Use a moisturiser to protect the skin
- Use a fragrance free moisturiser such as Hydromol, Epaderm or Cetraben cream
- You may find Cetraben or Hydromol ointment stings less than cream if she is very sore
- Apply (don't rub) the cream or ointment onto the outer and inner lips at least twice a day to soothe and protect the skin
- Continue to use even when she does not have symptoms to protect the skin and prevent flare ups
- Washing with only water can cause dry skin and make itching worse. Use a fragrance free moisturising cream as a soap substitute to clean the vulval area
- Apply the moisturiser before she gets in the bath or shower. Rinse it off and then reapply afterwards
- If it stings when she does a wee, you can apply the cream or ointment beforehand to protect the skin. Put some cream on the toilet paper to wipe afterwards
- Ideally underwear should be washed with non biological washing liquid rather than powder.
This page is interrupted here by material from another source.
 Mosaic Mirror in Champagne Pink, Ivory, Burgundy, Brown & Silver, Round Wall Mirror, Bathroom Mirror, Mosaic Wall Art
- Avoid fabric conditioners and biological washing powders
- Encourage a shower immediately after swimming to wash off the chlorine. Some girls find it helpful to use a moisturiser just before swimming to protect the vulval skin
- Avoid using soap, shower gel, shampoo, scrubs, bubble bath and baby wipes in the vulval area
- Never use feminine hygiene products or wipes
- Do not shampoo her hair whilst she is still sat in the bath. Shampoo in the bath water can be irritating
- Try not to clean the vulval area more than once a day. Over cleaning can worsen symptoms
- Avoid using sponges or flannels to wash the vulva
- Gently pat the vulva dry with a soft towel after bathing
- Teach her to wipe from front to back after going to the toilet
- Make sure her bottom is clean after doing a poo
- Wear loose cotton underwear. Try buying underwear a couple of sizes too big
- Avoid tight clothes such as tights, leggings and tight jeans
- Encourage her to sleep without underwear
Contact your GP if:
- Symptoms are not improving despite the above treatment. If she is very sore the GP may do a skin swab but be aware the results are not always helpful.
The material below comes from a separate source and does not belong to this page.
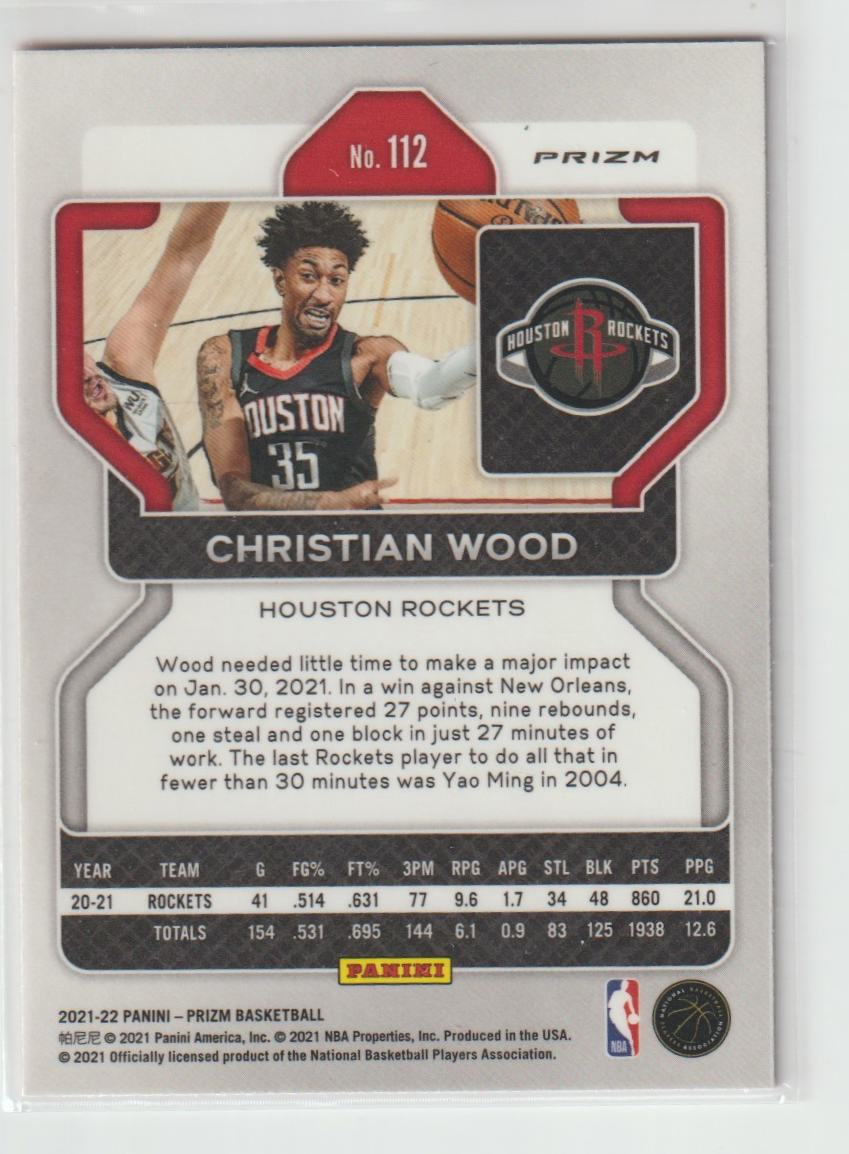 112 Christian Wood - Houston Rockets Pink Ice Prizm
- She wakes at night with vulval pain
- You notice any blood in the discharge
- Your child has a fever, abdominal pain or is passing urine more frequently than normal. Your GP may want to check that she does not have a urine infection.
Help your daughter stay safe
As your daughter has a genital problem the doctor or nurse may need to examine her. This can be a good opportunity for parents and carers to talk with their daughters about staying safe. The NSPCC offer an excellent online resource for this called talk Pants.